Wednesday, April 07, 2004

Blame where blame's due

Emmanuel Dongala ponders Western apathy in a New York Times column marking the tenth anniversary of the Rwandan genocide.

During those vicious 100 days, though, Western countries, including the United States, refused to call it a genocide. Using the term would have meant moral and legal obligations.
The killing and subsequent mutilation of 18 American soldiers recorded in "Black Hawk Down" took place mere months before the Rwandan genocide. In light of this, US culpability for inaction ought, if anything, be mitigated rather than singled out in comparison to countries whose troops had not recently suffered such a fate during a humanitarian intervention.
[M]any Africans believed the reason for the denial was that genocide is historically linked to "civilized" people. In Africa, where barbarism was the norm, the Hutu killing spree was just another tribal war. After all, how can one commit a genocide with machetes?
Here Mr. Dongala tries establish a link, however nebulous, to colonialism or racism; however, his own words only a few short paragraphs later hint at another explanation.
Today, I still think the genocide in Rwanda has not been the electroshock that should have jolted me and other African scholars from our "Africanly" correct way of thinking.
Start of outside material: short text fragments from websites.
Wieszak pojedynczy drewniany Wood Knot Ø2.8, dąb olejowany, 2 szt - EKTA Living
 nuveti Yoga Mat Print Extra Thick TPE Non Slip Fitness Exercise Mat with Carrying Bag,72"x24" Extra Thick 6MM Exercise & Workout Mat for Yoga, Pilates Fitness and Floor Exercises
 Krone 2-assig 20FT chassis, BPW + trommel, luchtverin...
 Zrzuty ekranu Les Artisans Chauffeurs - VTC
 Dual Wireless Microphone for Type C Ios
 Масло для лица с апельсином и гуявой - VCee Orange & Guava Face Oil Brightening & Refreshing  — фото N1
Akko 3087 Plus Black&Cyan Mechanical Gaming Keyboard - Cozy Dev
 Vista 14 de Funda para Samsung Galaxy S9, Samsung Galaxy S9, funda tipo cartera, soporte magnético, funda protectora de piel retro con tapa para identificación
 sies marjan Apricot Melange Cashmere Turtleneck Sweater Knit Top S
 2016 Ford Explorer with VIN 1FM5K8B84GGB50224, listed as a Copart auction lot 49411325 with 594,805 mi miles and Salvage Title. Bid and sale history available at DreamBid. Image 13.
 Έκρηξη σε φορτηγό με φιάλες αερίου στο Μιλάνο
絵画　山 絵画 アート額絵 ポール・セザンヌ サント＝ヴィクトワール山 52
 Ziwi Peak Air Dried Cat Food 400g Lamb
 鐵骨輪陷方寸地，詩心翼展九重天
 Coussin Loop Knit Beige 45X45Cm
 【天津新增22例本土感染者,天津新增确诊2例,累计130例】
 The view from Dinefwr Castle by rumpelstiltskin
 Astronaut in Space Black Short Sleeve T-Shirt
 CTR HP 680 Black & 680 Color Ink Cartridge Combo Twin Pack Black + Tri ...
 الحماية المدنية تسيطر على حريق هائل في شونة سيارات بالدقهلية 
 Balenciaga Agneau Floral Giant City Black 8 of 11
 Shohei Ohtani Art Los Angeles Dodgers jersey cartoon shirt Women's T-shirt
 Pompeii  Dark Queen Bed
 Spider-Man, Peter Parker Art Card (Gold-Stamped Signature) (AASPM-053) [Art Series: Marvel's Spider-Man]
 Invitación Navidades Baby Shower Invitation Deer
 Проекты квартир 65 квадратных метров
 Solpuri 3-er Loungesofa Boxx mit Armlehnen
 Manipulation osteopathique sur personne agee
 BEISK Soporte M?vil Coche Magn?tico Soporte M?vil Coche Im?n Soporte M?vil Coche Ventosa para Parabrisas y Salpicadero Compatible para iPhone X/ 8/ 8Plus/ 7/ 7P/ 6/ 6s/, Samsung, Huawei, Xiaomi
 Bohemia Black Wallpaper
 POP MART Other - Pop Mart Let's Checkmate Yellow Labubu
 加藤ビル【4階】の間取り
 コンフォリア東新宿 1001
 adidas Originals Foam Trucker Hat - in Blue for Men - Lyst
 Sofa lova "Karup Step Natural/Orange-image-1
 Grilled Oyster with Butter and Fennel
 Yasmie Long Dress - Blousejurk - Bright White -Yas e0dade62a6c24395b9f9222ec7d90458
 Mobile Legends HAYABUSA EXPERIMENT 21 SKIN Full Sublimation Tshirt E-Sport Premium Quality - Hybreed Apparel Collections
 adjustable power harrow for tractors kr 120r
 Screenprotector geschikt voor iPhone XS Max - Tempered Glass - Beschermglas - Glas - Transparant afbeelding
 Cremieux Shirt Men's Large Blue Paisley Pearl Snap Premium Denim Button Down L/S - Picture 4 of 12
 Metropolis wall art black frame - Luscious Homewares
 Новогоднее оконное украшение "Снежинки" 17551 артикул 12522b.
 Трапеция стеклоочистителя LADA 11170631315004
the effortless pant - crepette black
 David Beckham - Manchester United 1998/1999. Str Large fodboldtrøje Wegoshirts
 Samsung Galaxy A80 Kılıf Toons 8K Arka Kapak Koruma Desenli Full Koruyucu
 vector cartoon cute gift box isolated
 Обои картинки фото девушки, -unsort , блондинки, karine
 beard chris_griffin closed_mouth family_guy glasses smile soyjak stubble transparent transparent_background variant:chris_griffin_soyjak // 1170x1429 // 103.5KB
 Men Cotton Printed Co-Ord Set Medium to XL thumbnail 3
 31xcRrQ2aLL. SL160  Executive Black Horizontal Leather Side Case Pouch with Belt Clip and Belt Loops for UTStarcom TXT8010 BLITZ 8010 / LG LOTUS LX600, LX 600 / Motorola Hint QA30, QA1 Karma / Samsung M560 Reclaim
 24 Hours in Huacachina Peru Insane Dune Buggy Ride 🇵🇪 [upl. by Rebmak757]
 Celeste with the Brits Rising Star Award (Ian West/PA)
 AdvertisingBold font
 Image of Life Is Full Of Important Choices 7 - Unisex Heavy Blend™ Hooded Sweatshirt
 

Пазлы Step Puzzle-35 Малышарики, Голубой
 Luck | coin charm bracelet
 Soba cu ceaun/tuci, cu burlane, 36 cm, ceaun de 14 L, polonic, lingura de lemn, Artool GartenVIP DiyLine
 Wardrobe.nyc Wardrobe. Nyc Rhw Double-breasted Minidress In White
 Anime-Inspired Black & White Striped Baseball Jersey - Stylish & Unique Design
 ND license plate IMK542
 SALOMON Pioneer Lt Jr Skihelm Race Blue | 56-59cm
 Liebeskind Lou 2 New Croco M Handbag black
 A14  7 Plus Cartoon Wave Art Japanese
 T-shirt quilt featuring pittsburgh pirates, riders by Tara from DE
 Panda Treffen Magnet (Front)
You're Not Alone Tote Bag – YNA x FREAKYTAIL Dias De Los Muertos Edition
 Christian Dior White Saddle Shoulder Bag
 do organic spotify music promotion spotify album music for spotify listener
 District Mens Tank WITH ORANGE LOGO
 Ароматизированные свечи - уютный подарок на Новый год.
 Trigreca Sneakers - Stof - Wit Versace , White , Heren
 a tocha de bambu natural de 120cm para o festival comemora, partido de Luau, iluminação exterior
Some of our outdated ideological ideas must be challenged. With the backing of the government, Arabs are carrying out a massacre of genocidal scale against black Africans in Sudan, yet many academics and leaders in Africa are reluctant to speak out because of a misplaced sense of solidarity. We are also reluctant to face other unpleasant realities because we are afraid that would project the wrong picture of Africa to the world.
These criticisms do not apply only to African scholars and leaders. There are plenty in the West whom the genocide in the Rwanda should have jolted from their way of thinking. Who in the West is afraid to project the wrong picture of Africa to the world? Who in the West refuses to speak out because of a misplaced sense of solidarity?
In 1958, Ahmed Sekou Toure of Guinea was the only leader of all the French African colonies to seek immediate independence. Because of this, we refused for a long time to denounce the crimes Toure was committing against his people. And because Robert Mugabe fought for freedom in Rhodesia (now called Zimbabwe), it is not acceptable to criticize his autocratic rule, for doing so would be siding with the white settlers. As for Rwanda, many people dare not speak against the crimes that Rwandan troops are committing in the Democratic Congo Republic because of the moral legitimacy President Paul Kagame gained by stopping genocide in his country.
If a Westerner, particularly a white Westerner, had spent the spring and summer of 1994 levelling accusations of genocide at Rwandan Hutus, he would have been attacked as a racist, a colonialist, an imperalist by the same people in the West who claim to care the most about genocides in developing countries; not surprisingly, such accusations are precisely how Robert Mugabe has responded to criticisms of his human rights record by Western human rights groups and especially governments.

If we are to stop the genocide in Sudan, if we are to prevent future Rwandas, it is not enough for African scholars to challenge outdated ideological ideas; their intellectual comrades in the West must do the same.